Connection to land, sea, our fresh air, and, in turn, the bounty they produce, is at the core of both chefs’ passion for fresh ingredients and cooking. Posteraro’s approach definitely emphasizes the “art” in culinary artistry: “My cooking is instinctive therefore I ‘feel’ the season, see the local food landscape and therefore create and paint into my plates,” the chef explains.
Getting into the market, as Posteraro will be for his EAT! Vancouver hands-on workshop, is “very important,” he says, since it “dictates two essential aspects of cooking: freshness and seasonality of the ingredients.” To help home cooks navigate a market, Posteraro suggests inquiring if the vendors have “ethical and sound practices” for growing produce or raising meat.
That kind of conversation, points out McEwan, is part of what is typifying the new and ongoing dialogue about Canadian food. Now diners and consumers care about how farmers “cultivate [crops] and raise, feed, and slaughter their animals,” notes McEwan, who adds that these are the kinds of conversations that didn’t exist before, in a previous era of discussion of Canadian food beginning and ending with good old maple syrup.
Posteraro infuses his understanding of Canadian food with an immigrant’s pride: “Canadian Cuisine is a final result of conjunctive efforts of chefs, agriculturists, farmers, wine producers, [and] fishermen […] We have a great country and even first generation immigrants like myself have a strong sense of belonging and [are] proud to be part of it!”
The Canadian food landscape is shifting as it attempts to define itself, and McEwan describes our “very diverse” food scene as being centred around amazing product transformed with international technique–something at which both he and Posteraro excel in their Italian-Canadian cooking.
McEwan is a catch of the day kind of chef, with love for Vancouver’s fresh fish in season, but the chef also often works with beautiful east coast seafood, like Prince Edward Island’s bluefin tuna, lobsters, and oysters (and the Island’s beef program, too), and has a deep appreciation for Canada’s excellent core products, like the “amazing cheeses [and] really good wine” available coast to coast.
Posteraro says in order to achieve Cioppino’s signature West Coast-meets-Italian flavours, he brings his “enogastronomic luggage,” and his love of local ingredients, though he does import key items from Italy whose quality can’t be matched in Vancouver.
The two chefs have a complementary cooking style, which makes them an ideal pairing for the closing night meal of the EAT! Vancouver Dinner Series. McEwan hails the expanded week-long programming of the festival as “reflective of where people’s minds are today” when it comes to mainstream food culture. Food is what we “talk about, eat, and Instagram,” quips the chef.

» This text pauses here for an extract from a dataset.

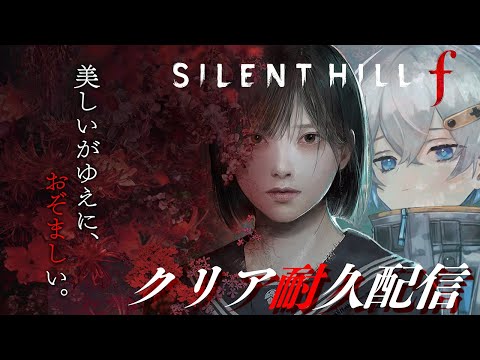 真エンディング回収していこうぜ！【SILENT HILL f/Vtuber】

For their collaborative dinner, McEwan says he and Posteraro are splitting the six-course menu evenly, with McEwan’s dishes mirroring items on the menu of his Toronto eatery Fabbrica. Posteraro and McEwan have not worked together behind a stove, but McEwan says he remembers Posteraro from his tenure in Toronto in the early 1990s. “Pino’s always been pretty bossy in the kitchen,” teases McEwan, adding heartfelt praise: “Pino’s food is straight ahead, honestly Italian, not overly fussy, unctuous, real and solid.”
McEwan is also looking forward to the chance to break up his usual routine that finds himself focusing on the business side of his many food endeavours, including a new Toronto market that’s opening up soon. A familiar face to many Canadians thanks to his popular television series, “The Heat,” which took viewers behind the scenes at North 44 Caters and his first McEwans grocery store, and his tenure as head judge on “Top Chef Canada,” McEwan’s passion isn’t fuelled by cameras, and he thinks celebrity chef culture is “pretty wacky.”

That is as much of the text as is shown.